Enfin, nos sociétés, si différentes, sont, à l'heure de la mondialisation, confrontées aux mêmes maux : le terrorisme, le crime organisé, le trafic de drogue, les grandes endémies. Elles sont exposées aux mêmes dangers, celui notamment de l'uniformisation culturelle. Elles sont également touchées par les atteintes à l'environnement. C'est donc ensemble que nos gouvernements doivent traiter ces problèmes de notre temps.
Je sais combien vous-même, mon cher Ryu, êtes sensible à ces questions. Je garde en mémoire votre participation marquante au dernier Sommet de Lyon, et tout particulièrement votre initiative remarquable, à laquelle j'ai tout de suite adhéré, sur le bien-être mondial et le problème du vieillissement.
Les Français m'ont confié la mission de conduire la France jusqu'en 2002. Pendant toutes ces années, soyez assuré que je travaillerai au renforcement continu des relations entre mon pays et le vôtre, ce Japon que j'aime et que j'admire.
C'est fort de cette volonté de construire, avec vous, l'avenir, un avenir qui nous soit commun, et confiant dans nos succès conjoints, que je vais maintenant, Mesdames et Messieurs, lever mon verre.
Je le lève à la santé de Leurs Majestés Impériales.
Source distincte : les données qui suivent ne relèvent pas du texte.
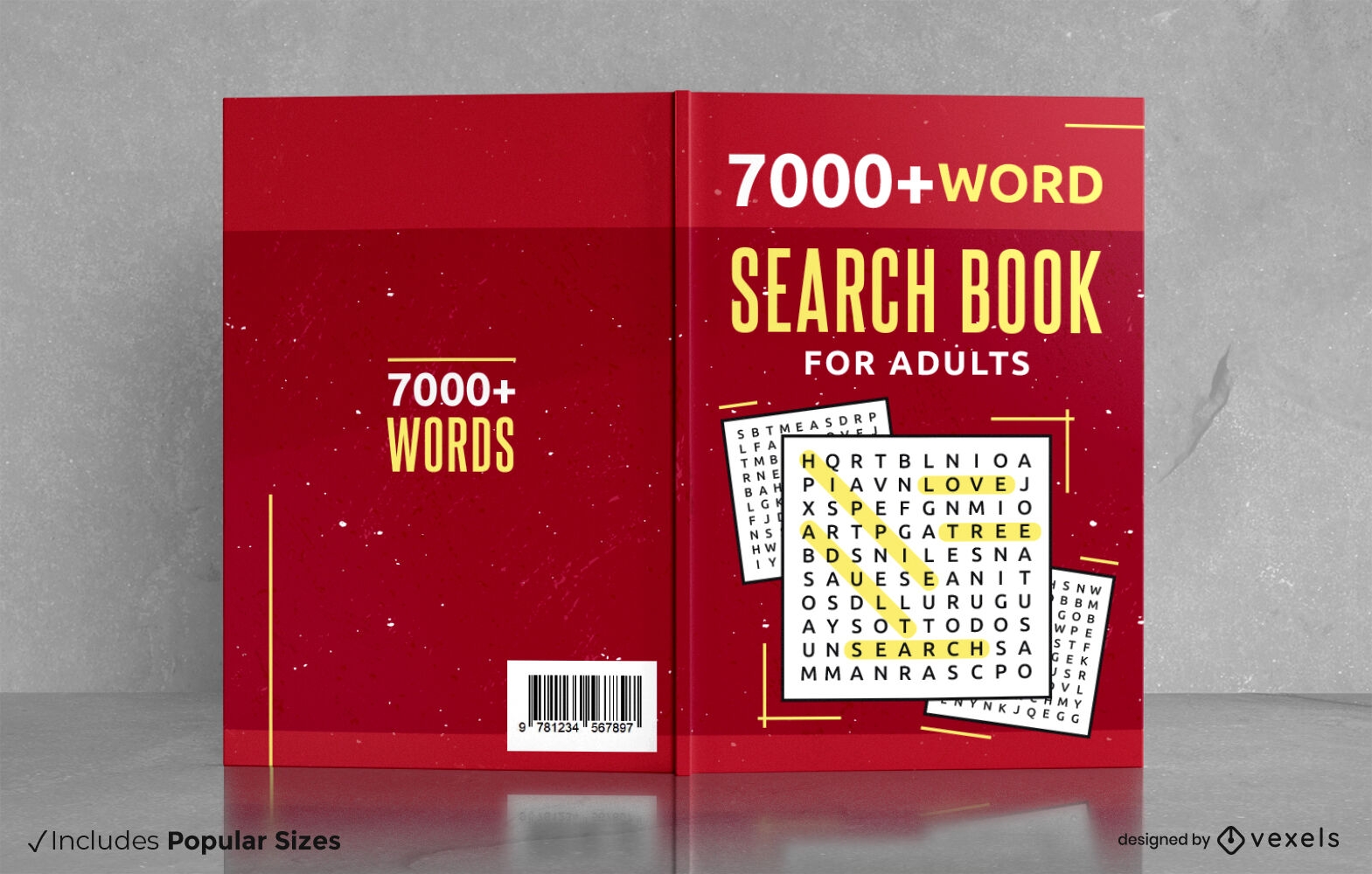 Jogos de busca de palavras para design de capa de livro para adultos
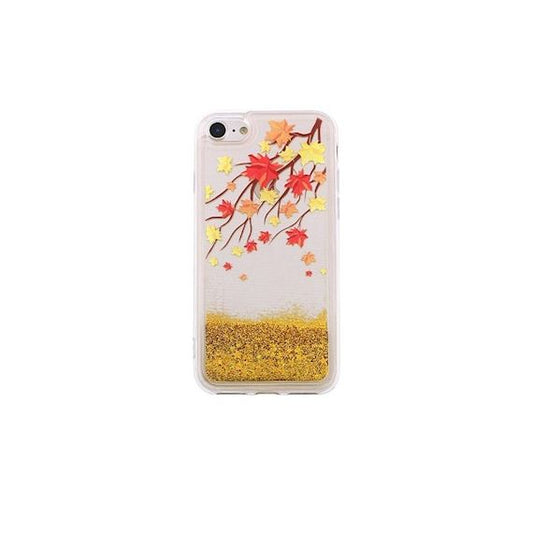 Cover per Samsung Galaxy S9 in silicone con liquido glitterato effetto autunno gold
Je le lève à votre santé, Monsieur le Premier ministre, et à la santé de Madame Hashimoto à qui je suis heureux de présenter mes très respectueux et très affectueux hommages.
Je bois à la santé des membres du Gouvernement du Japon présents ici ce soir, à la prospérité et au bonheur du grand peuple japonais. Je bois à la forte amitié franco-japonaise.